Redundant Connection (LC 684): find the edge that creates a cycle in an undirected graph. Process edges one by one. For each edge (u, v): if find(u) == find(v), this edge creates a cycle — return it. Otherwise union(u, v). The first edge where both endpoints are already in the same component is the answer.
Number of Islands (LC 200): can be solved with BFS/DFS (more common) or UF. Create UF with rows×cols nodes, treating each cell as a node. For every ‘1’ cell, union it with adjacent ‘1’ cells. Return uf.components minus the count of ‘0’ cells.
Accounts Merge (LC 721): each account has a name and list of emails. Merge accounts that share at least one email. UF approach: create a UF over emails (use a dict mapping email → index). For each account, union all emails with the first email in the account. After all unions, group emails by their root. Map roots back to account names.
Making a Large Island (LC 827): given a grid of 0s and 1s, flip at most one 0 to 1 and find the largest island. Pre-compute island sizes using UF. For each 0 cell, sum up sizes of distinct neighboring components (using their roots to deduplicate). Answer is max of (1 + sum of neighboring component sizes).
Smallest String With Swaps (LC 1202): given pairs of indices that can be freely swapped, find the lexicographically smallest string. Union all index pairs. Group indices by their root (all indices in the same component can be freely rearranged). Sort characters within each component and assign them back in sorted order to their sorted positions.
Weighted Union-Find
For problems involving ratios or relative values between connected elements (e.g., LC 399 Evaluate Division), use a weighted Union-Find where each node stores a weight relative to its parent. find() returns both the root and the accumulated weight product along the path. union() sets the weight of the new edge to maintain consistency.

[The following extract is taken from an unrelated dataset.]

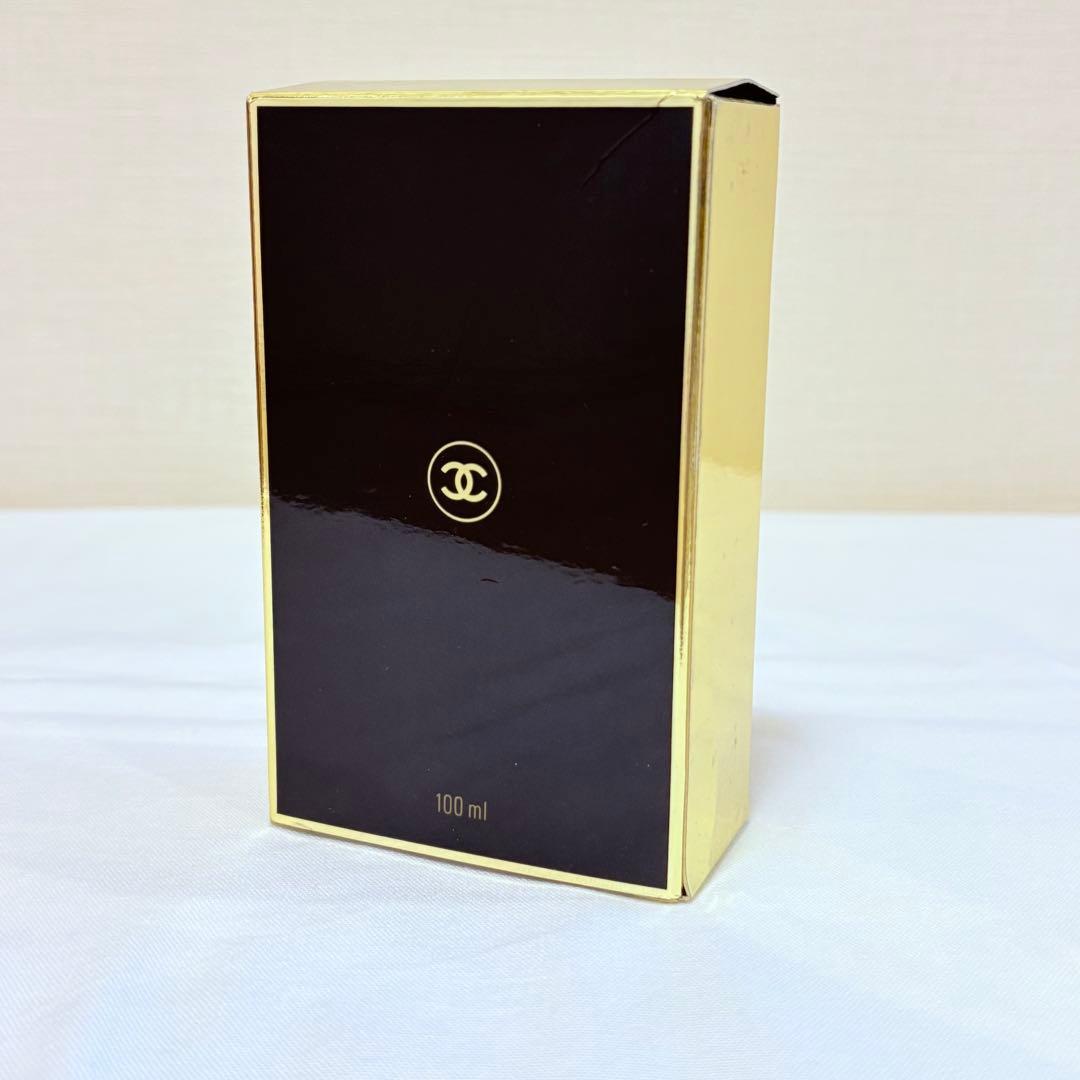 ねずみたち新品　ココ　シャネル オードパルファム　香水　 100ml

When to Use Union-Find vs BFS/DFS
Use Union-Find when: edges are added incrementally (online algorithm), you need to check connectivity repeatedly after each add, or the problem involves merging components. Use BFS/DFS when: you need to traverse the graph (finding paths, levels, distances), edges can be deleted, or you need more than just connectivity (shortest path, topological sort). For static graphs (all edges given upfront), BFS/DFS and UF have similar complexity — prefer whichever is easier to implement correctly.
Interview Tips
- Always initialize parent[i] = i and track component count.
- The return value of union() (True if newly merged, False if already connected) is useful for detecting cycles or counting merges.
- For grid problems, convert (row, col) to a linear index: idx = row * cols + col.
- If nodes are strings or arbitrary objects, use a dictionary for parent instead of an array.
- Path compression is a one-liner in Python using recursion; use an iterative version to avoid stack overflow on very deep trees.